От князя Караима я повернул Репку к Михилу из Гаги, решив, что вполне успею перемолвиться с Морским воеводой парой слов до того момента, как нас полосатыми палками выгонят за ворота.
Тот о чем-то разговаривал с оседлавшим здоровенного битюга хефе-башкентом (я даже представлять не хочу, как эта туша на бедную животину залезла, и еще меньше желаю — а придется! — видеть как Штарпен будет спешиваться), который, специально раскинув полы плаща, демонстрировал на шервани аж четыре ряда пуговиц.
Точно изделие в моду входит. Кто бы только еще князю объяснил, что их не только пришивать надо, но и прорези для них делать, или хотя бы петли.
— Прости, добрый Штарпен, я ненадолго похищу у тебя твоего собеседника. — изобразил я что-то вроде радушной улыбки. — Михил, на пару слов.
Отъехав на несколько шагов от основной толпы я натянул поводья и повернулся к Морскому воеводе.

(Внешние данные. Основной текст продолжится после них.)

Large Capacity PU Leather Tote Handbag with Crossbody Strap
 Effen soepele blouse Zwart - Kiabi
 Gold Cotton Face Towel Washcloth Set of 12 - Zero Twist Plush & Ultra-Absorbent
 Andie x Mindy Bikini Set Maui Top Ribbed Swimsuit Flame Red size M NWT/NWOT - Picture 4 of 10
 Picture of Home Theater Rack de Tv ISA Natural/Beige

— Скажи, а смогут твои лузории подняться по Тара до самого Зимнолесья?
— Ваши лузории, повелитель. — усмехнулся в усы Михил. — Полагаю что да, смогут. Только зачем?
— Деньги нужны. — флегматично отозвался я, и, проведя ладонью по меховой оторочке плаща, спросил: — Вот это, как думаешь, что?
Морской воевода склонил голову на бок и пару секунд помолчал.
— Полагаю, что соболь.
— Правильно полагаешь. — согласно кивнул я. — А сколько он стоит?
— До Темной Матери, государь. — вздохнул Михил. — Мне не по мошне.
— А почему меха так дороги?
— Так известно почему — их же из Зимнолесья возят, вокруг всей Ойкумены. — пожал плечами мой Главморфлот.
— А раньше как возили, пока заков не было?
— Понятия не имею, государь. Думаю — по Тара на лодьях сплавляли. Изредка и сейчас такое бывает, есть среди зимнолесцев рисковые люди, только опасно это очень — степняки не дремлют, а причаливать хочешь не хочешь хоть иногда надо. Через пороги лодьи с грузом, опять же, по берегу надо переволакивать.
— А, скажем, если послать дюжину лузорий до Зимнолесья? Прорвутся они с товарами туда-обратно?
— Дюжину никак не можно. — ответил князь. — Два корабля в ремонте, еще один тоже скоро на тимберовку ставить, а побережье и Поо патрулировать как-то надо, чтобы контрабандисты не наглели. Восемь, ну много если десять. Только… Лузория, это же не торговая лодья зимнолесцев, в ней много не увезешь.
— А надо много? — я хмыкнул. — Нет, жадность я тоже очень люблю и уважаю, но сейчас вообще-то лето, пушной зверь облезлый ходит, так что его и бить-то в это время смысла нет. Вот зимой, когда у него мохнатость повысится, это совсем другое дело. Так что какое-то количество шкур, тех, что с зимы сохранились, взять стоит, а так, лучше солнечным камнем и рыбьим зубом затовариться. Это груз не шибко габаритный, на лузориях увезти можно. Так что, смогут твои орлы шустро по Тара проскочить туда-обратно?
— Смочь-то смогут, на десяти кораблях у нас три сотни бойцов выйдет, даже если и случится какая оказия, должны отбиться. — Михил в задумчивости потеребил ус. — Купец нужен. Хороший.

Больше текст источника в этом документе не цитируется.